XLIII Esta cabeza, cuando viva, tuvo sobre la arquitectura destos huesos carne y cabellos, por quien fueron presos los ojos que mirándola detuvo. Aquí la rosa de la boca estuvo, marchita ya con tan helados besos, aquí los ojos de esmeralda impresos, color que tantas almas entretuvo. Aquí la estimativa en que tenía el principio de todo el movimiento, aquí de las potencias la armonía. ¡Oh hermosura mortal, cometa al viento!, ¿dónde tan alta presunción vivía, desprecian los gusanos aposento?
Si ya la vista, de llorar cansada, De cosa puede prometer certeza, Bellísima es aquella fortaleza Y generosamente edificada. Palacio es de mi bella celebrada, Templo de Amor, alcázar de nobleza, Nido del Fénix de mayor belleza Que bate en nuestra edad pluma dorada. Muro que sojuzgáis el verde llano, Torres que defendéis el noble muro, Almenas que a las torres sois corona, Cuando de vuestro dueño soberano Merezcáis ver la celestial persona, Representadle mi destierro duro.
Oh piadosa pared, merecedora De que el tiempo os reserve de sus daños, Pues sois tela do justan mis engaños Con el fiero desdén de mi señora, Cubra esas nobles faltas desde ahora, No estofa humilde de flamencos paños (Do el tiempo puede más), sino, en mil años, Verde tapiz de yedra vividora; Y vos, aunque pequeño, fiel resquicio (Porque del carro del cruel destino No pendan mis amores por trofeos), Ya que secreto, sedme más propicio Que aquel que fue en la gran ciudad de Nino Barco de vistas, puente de deseos.
Tu gracia, tu valor, tu hermosura muestra de todo el cielo, retirada, como cosa que está sobre natura, ni pudiera ser vista ni pintada. Pero yo, que en el alma tu figura tengo, en humana forma abreviada, tal hice retratarte de pintura que el amor te dejó en ella estampada. No por ambición vana o por memoria tuya, o ya por manifestar mis males; mas por verte más veces que te veo. Y por solo gozar de tanto gloria, señora, con los ojos corporales, como con los del alma y del deseo.
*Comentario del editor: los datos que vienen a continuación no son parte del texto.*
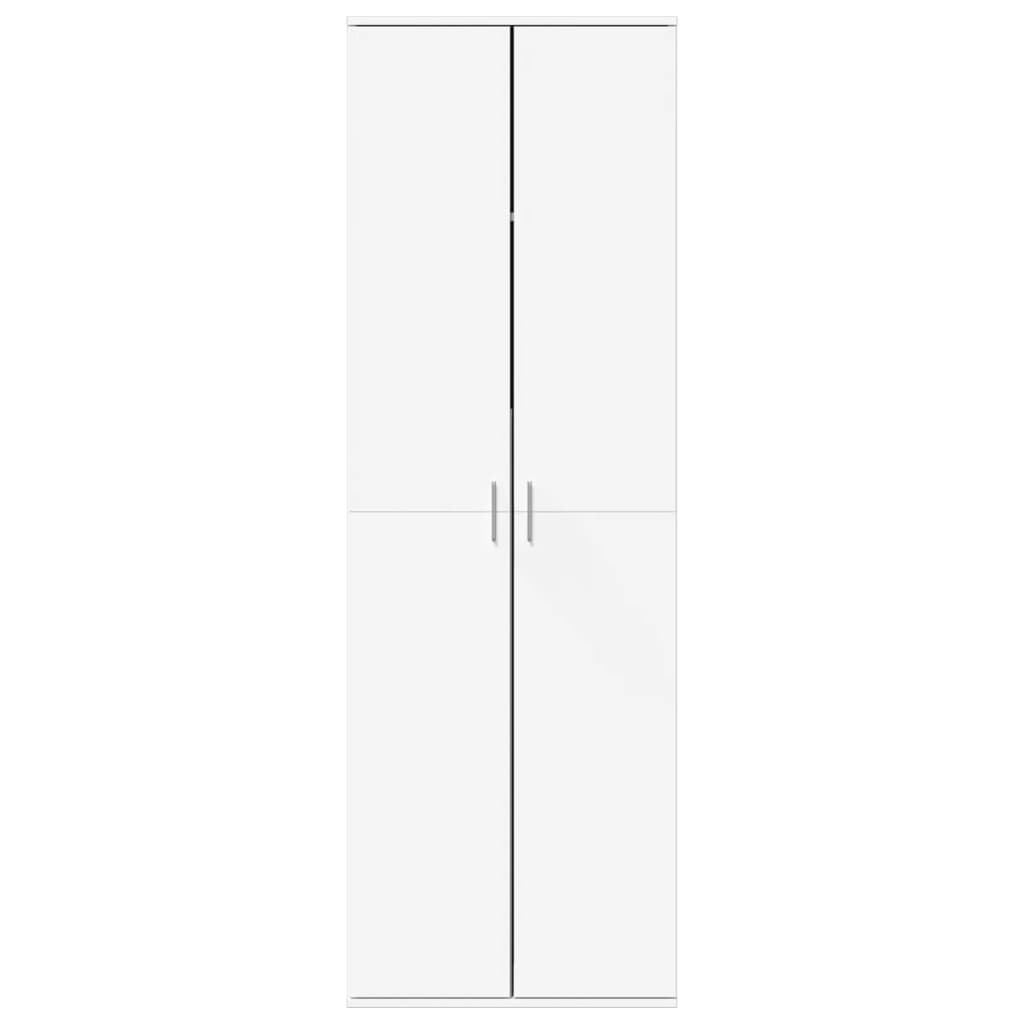 vidaXL Dulap înalt, alb, 60x35x180 cm, lemn prelucrat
Si a una parte miraran solamente vuestros ojos, ¿cuál parte no abrasaran? Y si a diversas partes no miraran, se helaran el ocaso o el Oriente. El mirar zambo y zurdo es delincuente; vuestras luces izquierdas lo declaran, pues con mira engañosa nos disparan facinorosa luz, dulce y ardiente. Lo que no miran ven, y son despojos suyos cuantos los ven, y su conquista da a l’alma tantos premios como enojos. ¿Qué ley, pues, mover pudo al mal jurista a que, siendo monarcas los dos ojos, los llamase vizcondes de la vista?
Si Amor entre las plumas de su nido Prendió mi libertad, ¿qué hará ahora, Que en tus ojos, dulcísima señora, Armado vuela, ya que no vestido? Entre las vïoletas fui herido Del áspid que hoy entre los lilios mora; Igual fuerza tenías siendo aurora, Que ya como sol tienes bien nacido. Saludaré tu luz con voz doliente, Cual tierno ruiseñor en prisión dura Despide quejas, pero dulcemente. Diré como de rayos vi tu frente Coronada, y que hace tu hermosura Cantar las aves, y llorar la gente.